Hikaye, Roman, Gazete Yazarı, Şair Hatice Opak Bilgin son 15-20 yıl içerisinde edebiyat çevrelerinin ilgisini üzerine çeken bir isim olmuştur. Taşradan kitap dünyasına, büyük kültür merkezlerine girmesi ve buralarda kısa zamanda isim yapması birçok çevreyi şaşırtmıştır. Son hikaye kitabı “BANA DÜŞLERİNİ ANLAT” yazarın yedinci kitabıdır. Kitap İstanbul "İŞTİRAK YAYINLARI" arasında çıkmıştır. 192 sayfalık kitapta yazarın son yazdığı hikayeler yer almıştır. Kitapta birbirinden güzel 12 hikaye vardır. Kitabın ÖNSÖZ tarafımdan yazılmıştır. Bilindiği üzere yazar bundan önce "HAYATIN İÇİNDEKİLER" adlı kitapta hikayelerini toplamıştı.
Hatice Opak Bilgin TRAKYALI bir yazardır. Köylü kökenlidir, toplumun tabanından gelmektedir. Taşranın değişik ortamlarında bulunmuş, köy ve kent kültürünü tanımış, farklılıkları görüp yazmış. Kahramanlarını genelde yakın çevresinden seçmiştir. Sorunları olmasına karşın yaşamlarından memnun insanlardır. Denebilir ki yazar hikâyelerindeki tipleri İstanbul ve Trakya'dan seçmiştir. Güzel Türkçe konuşuyorlar, hayata umutla bakıyorlar. Hayatta iyimser olmak için de çok şeylere inanıyorlar. İleri geri konuşmuyorlar. Kendilerince davaları sorunları var. Ama bunlar kendilerini ilgilendiriyorlar. Belki düşlerine girenler de bunlardır.
Bilmiyorum ama Hatice Opak hikayelerini kurgulamada fazla bir gayret sarf etmiyor. Çünkü kahramanları az çok hayatı anlamış, iyi kötüyü görmüştür.
Türk hikâyeciliğinde başarılı olanlar pek çoktur.

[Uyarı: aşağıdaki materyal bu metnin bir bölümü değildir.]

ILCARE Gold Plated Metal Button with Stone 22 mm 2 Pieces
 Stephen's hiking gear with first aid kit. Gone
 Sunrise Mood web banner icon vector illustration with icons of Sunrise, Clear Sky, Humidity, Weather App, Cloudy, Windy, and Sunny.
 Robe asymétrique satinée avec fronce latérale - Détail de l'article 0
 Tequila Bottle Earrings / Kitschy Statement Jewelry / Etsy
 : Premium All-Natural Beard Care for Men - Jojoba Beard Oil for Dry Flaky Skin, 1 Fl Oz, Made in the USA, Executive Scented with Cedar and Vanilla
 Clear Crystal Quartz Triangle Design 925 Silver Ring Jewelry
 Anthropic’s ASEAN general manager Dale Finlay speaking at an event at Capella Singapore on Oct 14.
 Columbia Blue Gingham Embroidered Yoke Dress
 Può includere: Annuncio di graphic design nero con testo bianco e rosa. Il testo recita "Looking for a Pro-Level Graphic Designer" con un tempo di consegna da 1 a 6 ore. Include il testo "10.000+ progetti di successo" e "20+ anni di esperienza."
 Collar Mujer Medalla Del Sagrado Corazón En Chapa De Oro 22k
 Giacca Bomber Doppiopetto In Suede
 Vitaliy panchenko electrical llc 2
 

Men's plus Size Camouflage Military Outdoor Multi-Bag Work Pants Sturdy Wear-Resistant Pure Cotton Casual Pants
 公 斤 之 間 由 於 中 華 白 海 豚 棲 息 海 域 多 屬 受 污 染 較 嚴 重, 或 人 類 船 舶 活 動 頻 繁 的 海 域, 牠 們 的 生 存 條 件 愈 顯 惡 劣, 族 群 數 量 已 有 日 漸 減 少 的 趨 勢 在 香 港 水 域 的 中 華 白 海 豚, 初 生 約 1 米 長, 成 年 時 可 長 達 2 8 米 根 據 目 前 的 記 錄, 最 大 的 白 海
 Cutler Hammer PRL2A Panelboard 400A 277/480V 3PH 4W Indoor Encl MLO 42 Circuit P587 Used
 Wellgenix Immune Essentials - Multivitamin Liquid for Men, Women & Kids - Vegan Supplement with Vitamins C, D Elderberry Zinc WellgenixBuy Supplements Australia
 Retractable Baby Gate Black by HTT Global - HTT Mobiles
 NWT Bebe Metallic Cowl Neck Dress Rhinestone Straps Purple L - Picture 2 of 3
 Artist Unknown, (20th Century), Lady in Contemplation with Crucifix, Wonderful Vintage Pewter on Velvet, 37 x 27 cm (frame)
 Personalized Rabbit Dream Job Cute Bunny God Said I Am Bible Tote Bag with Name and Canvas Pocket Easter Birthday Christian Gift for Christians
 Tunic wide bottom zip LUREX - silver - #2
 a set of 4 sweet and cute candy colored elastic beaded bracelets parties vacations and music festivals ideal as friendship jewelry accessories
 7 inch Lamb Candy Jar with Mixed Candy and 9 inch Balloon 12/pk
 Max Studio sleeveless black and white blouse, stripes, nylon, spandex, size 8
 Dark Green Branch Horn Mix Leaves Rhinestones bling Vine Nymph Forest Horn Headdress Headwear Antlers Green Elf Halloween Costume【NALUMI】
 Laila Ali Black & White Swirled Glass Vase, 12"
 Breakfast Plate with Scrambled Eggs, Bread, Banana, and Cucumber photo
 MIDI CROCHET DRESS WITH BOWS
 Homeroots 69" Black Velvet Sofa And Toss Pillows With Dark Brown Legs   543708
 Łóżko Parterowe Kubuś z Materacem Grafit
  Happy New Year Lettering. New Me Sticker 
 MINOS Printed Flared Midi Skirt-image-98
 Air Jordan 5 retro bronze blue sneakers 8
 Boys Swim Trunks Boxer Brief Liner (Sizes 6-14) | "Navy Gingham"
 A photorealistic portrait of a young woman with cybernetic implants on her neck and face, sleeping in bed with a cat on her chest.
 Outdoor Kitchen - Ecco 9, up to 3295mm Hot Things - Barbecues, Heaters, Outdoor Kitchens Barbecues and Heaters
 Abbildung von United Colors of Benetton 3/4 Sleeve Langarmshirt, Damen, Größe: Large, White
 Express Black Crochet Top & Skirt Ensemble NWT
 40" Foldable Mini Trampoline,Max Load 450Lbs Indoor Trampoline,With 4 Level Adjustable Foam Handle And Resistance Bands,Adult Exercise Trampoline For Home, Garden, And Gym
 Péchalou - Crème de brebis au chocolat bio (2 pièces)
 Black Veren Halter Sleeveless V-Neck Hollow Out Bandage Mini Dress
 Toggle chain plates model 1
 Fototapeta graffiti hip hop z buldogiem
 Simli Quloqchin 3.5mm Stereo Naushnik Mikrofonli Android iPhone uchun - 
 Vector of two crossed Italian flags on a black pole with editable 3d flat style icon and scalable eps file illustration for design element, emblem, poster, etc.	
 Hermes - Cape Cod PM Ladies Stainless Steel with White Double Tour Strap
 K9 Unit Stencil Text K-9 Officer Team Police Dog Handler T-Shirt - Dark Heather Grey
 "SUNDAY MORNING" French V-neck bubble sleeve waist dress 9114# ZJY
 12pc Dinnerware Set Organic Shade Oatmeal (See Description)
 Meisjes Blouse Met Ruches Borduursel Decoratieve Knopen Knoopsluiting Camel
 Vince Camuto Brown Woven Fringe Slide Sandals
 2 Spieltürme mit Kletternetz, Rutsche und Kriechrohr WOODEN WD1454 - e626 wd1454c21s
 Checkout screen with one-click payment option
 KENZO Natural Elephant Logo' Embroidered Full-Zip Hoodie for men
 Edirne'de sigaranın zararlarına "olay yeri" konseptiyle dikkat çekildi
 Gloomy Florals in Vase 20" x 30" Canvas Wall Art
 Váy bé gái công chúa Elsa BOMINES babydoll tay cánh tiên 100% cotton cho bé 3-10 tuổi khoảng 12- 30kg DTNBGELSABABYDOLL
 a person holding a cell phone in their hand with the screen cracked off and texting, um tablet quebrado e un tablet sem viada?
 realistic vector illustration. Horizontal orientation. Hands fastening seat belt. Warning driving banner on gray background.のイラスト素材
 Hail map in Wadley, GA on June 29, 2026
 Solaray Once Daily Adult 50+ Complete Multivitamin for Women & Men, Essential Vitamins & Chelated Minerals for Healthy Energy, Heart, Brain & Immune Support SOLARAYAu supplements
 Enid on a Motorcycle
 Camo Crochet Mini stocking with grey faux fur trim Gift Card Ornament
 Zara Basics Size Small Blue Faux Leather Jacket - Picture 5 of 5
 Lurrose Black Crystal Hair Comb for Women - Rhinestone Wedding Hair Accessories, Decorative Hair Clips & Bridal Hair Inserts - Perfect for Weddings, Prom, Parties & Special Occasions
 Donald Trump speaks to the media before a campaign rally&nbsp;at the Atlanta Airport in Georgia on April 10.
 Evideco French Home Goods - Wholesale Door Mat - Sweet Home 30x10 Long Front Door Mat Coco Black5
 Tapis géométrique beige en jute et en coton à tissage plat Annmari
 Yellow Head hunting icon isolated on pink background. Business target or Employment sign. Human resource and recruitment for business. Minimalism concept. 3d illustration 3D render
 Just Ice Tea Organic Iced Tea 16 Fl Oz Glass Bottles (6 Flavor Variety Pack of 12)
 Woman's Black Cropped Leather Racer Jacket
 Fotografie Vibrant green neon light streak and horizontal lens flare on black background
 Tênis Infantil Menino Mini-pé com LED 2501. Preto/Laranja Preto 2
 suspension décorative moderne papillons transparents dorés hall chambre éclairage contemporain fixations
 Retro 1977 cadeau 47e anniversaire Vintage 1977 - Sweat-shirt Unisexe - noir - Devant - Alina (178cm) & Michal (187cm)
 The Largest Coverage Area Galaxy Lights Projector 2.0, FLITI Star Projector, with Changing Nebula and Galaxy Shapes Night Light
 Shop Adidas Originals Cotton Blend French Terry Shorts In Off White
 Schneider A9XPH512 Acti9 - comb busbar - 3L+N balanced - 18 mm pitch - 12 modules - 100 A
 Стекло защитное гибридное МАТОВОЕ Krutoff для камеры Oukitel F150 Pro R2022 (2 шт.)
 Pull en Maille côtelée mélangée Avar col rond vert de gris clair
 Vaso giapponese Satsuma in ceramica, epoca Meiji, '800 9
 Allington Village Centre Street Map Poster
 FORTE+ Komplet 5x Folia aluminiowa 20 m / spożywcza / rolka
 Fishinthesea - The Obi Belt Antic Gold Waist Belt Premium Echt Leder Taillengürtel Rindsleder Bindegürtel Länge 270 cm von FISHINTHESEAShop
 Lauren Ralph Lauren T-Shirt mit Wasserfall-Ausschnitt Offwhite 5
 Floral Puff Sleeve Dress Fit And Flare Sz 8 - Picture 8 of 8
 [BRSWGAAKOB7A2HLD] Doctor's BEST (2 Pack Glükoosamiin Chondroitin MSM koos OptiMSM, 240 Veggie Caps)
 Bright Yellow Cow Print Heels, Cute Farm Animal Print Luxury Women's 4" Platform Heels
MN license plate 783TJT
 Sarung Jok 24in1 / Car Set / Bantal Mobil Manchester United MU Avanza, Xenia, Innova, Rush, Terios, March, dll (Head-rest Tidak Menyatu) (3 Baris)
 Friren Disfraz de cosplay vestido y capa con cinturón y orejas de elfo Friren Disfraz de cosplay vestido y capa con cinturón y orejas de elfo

Trakya'nın ilk hikaye yazarı ve aynı zamanda devlet adamı Çorlulu Memduh Şevket Esendal'dır, "Ben Gönen'de Doğdum" diyerek söze başlayan milli hikayecimiz Ömer Seyfettin, Sait Faik gibi hikayecileri okuduğu anlaşılan Hatice Opak Bilgin henüz onların çizgisine yakın görünmüyor. Ama ilk yazdığı hikayeleri de geride bıraktığı gerçek. İnsan ya da bir yazar değişmek, gelişmek ve ilerlemek istiyorsa ÜSTAD durumuna gelmiş, hikayeciliği itibar görüyorsa sorunu çözmüş, iyi bir öykücü vasfını kazanmış demektir. Tanıdığım ve bildiğim kadar yazar öykücülüğü ciddiye aldığı için hikâyecilikte başarı yolunu açmış sayılır.
Köy Enstitüsünde edebiyat hocamız rahmetli Tahir Alangu derdi ki birileri yazar olmaya karar vermişse kalemin yanında okuyacağı kitabı bulundurmak zorundadır. Yani yazar okuyacak, düşünecek, sonra yazacak. Yani yazarın işi okumak, sonra da ne yazacaksa onu yazmaktır. Bu durumda Hatice Opak Bilgin kitap okumada Avrupa standartlarını yakalamış biri olarak bu bağlamda bir sorunu yoktur. Geriye kalanlar konuyu, kitabın kahramanlarını iyi seçmek, kendi uslubumuzu da bir sorun varsa onu ortadan kaldırmaktır. Hatice Opak iyi bir yazar, iyi bir okuyucudur. Okuyucularından beklediği KRAL ÇIPLAK'sa neye çıplak olduğunu bilmeleridir. Hikayede bir ders verme havası vermek nasıl olur acaba? Ders verip düşünmek zorunda olan bir toplumuz. Anlatmak istediğimiz budur.